EXERCISE GOAL
Skip every picture, and copy exactly the lines from the one containing "Asturias, Spain Framed" to the end of the data.

GIVEN MATERIAL
────────────────

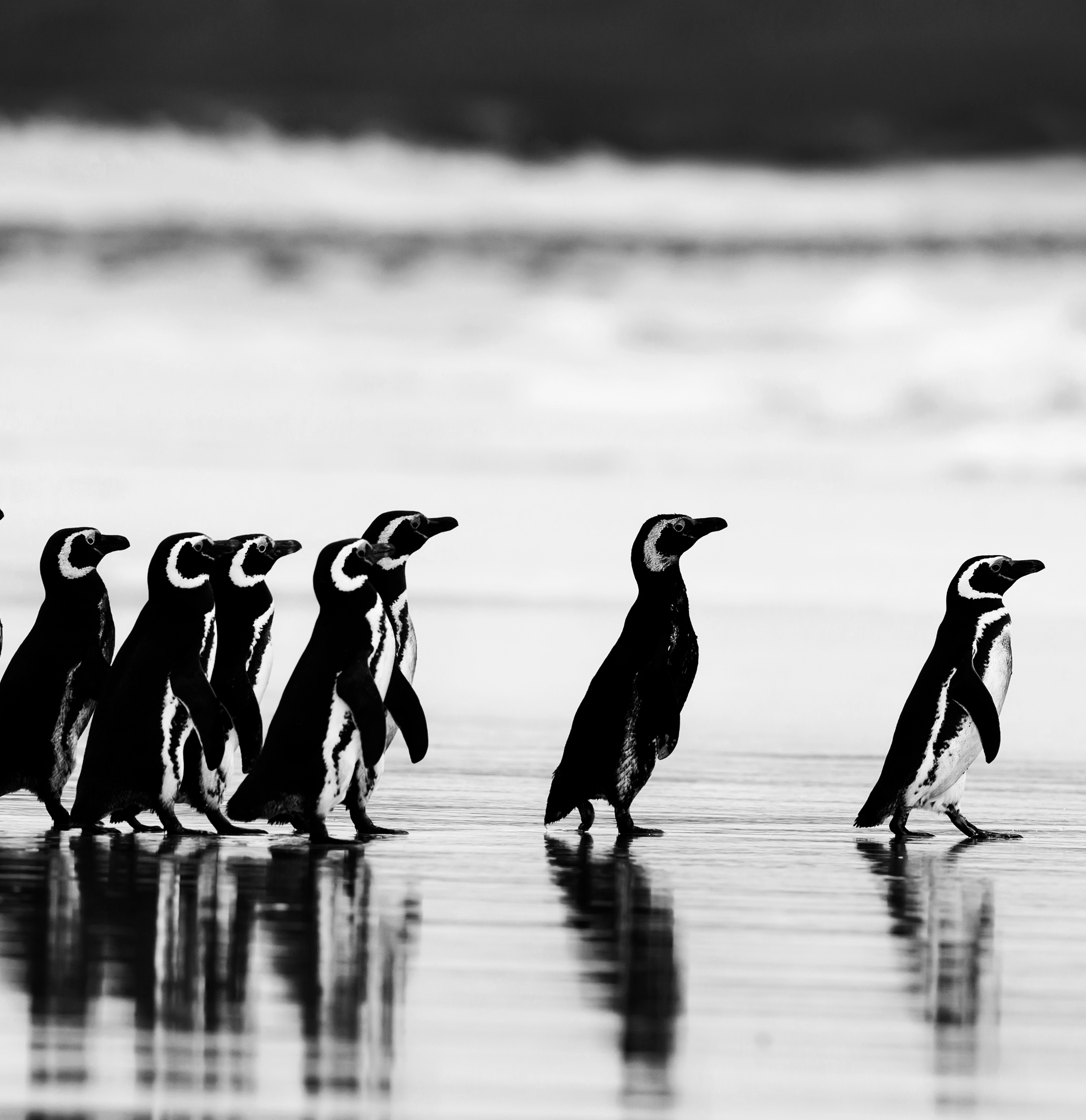 School of penguins following their head penguin on the sand which is surrounded by water
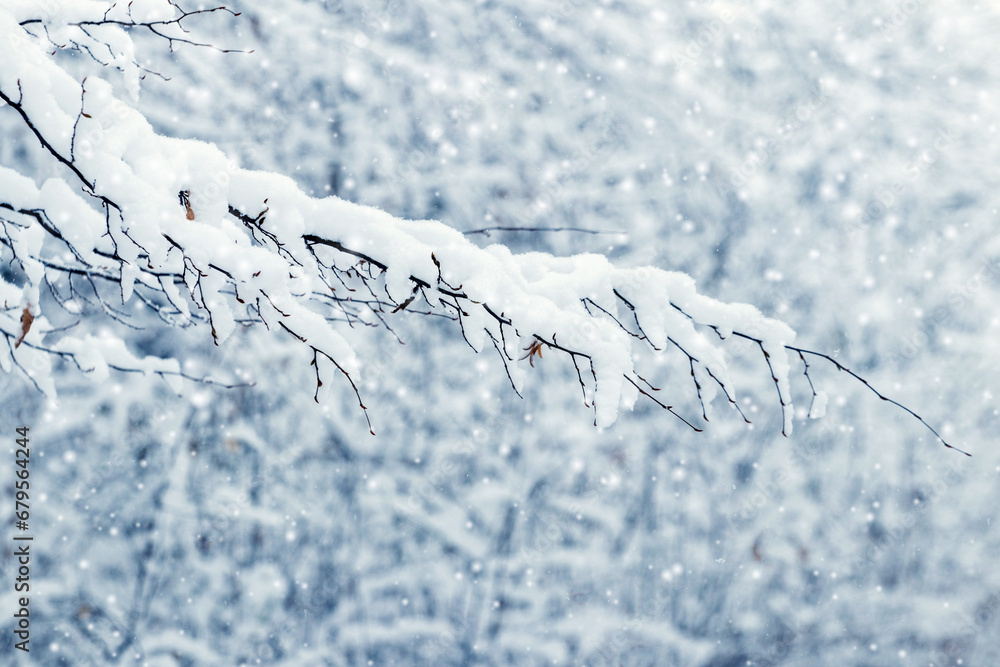 Poster a tree branch covered with snow in the forest during a snowfall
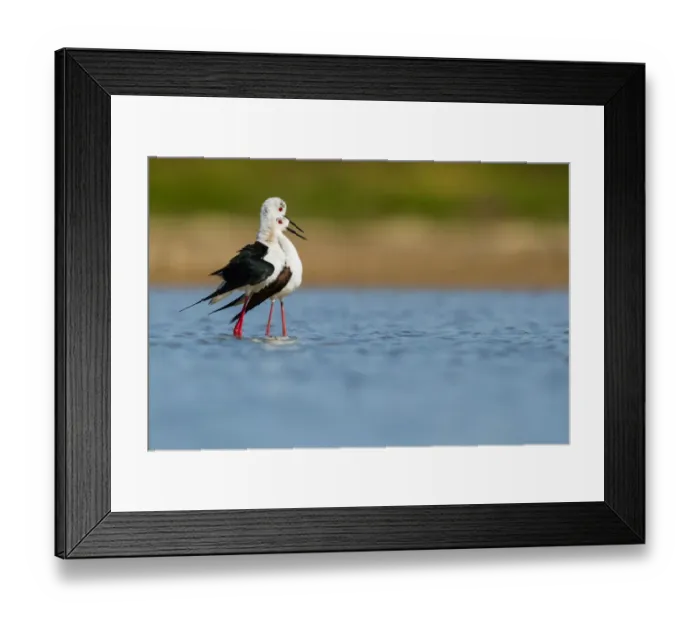 Framed Print : Black-winged Stilt (Himantopus himantopus) pair, Asturias, Spain Framed Print : Black-winged Stilt (Himantopus himantopus) pair, Asturias, Spain
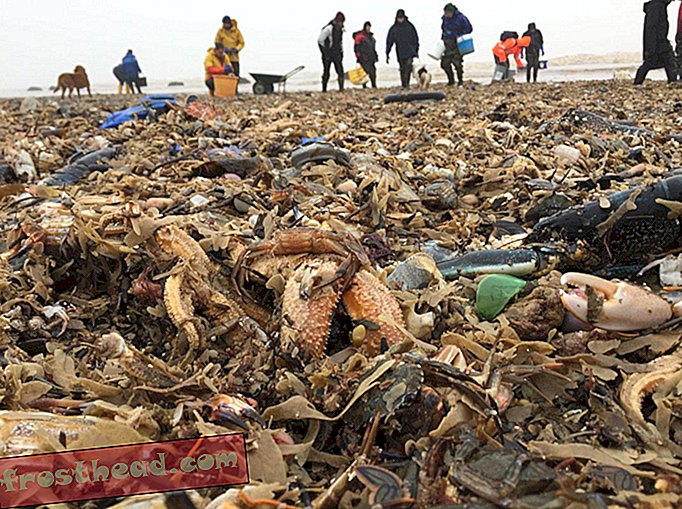 עשרות אלפי יצורי ים מתרחצים בחופי בריטניה בעקבות מזג אוויר קפוא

────────────────

EXERCISE OUTPUT
 Framed Print : Black-winged Stilt (Himantopus himantopus) pair, Asturias, Spain Framed Print : Black-winged Stilt (Himantopus himantopus) pair, Asturias, Spain
 עשרות אלפי יצורי ים מתרחצים בחופי בריטניה בעקבות מזג אוויר קפוא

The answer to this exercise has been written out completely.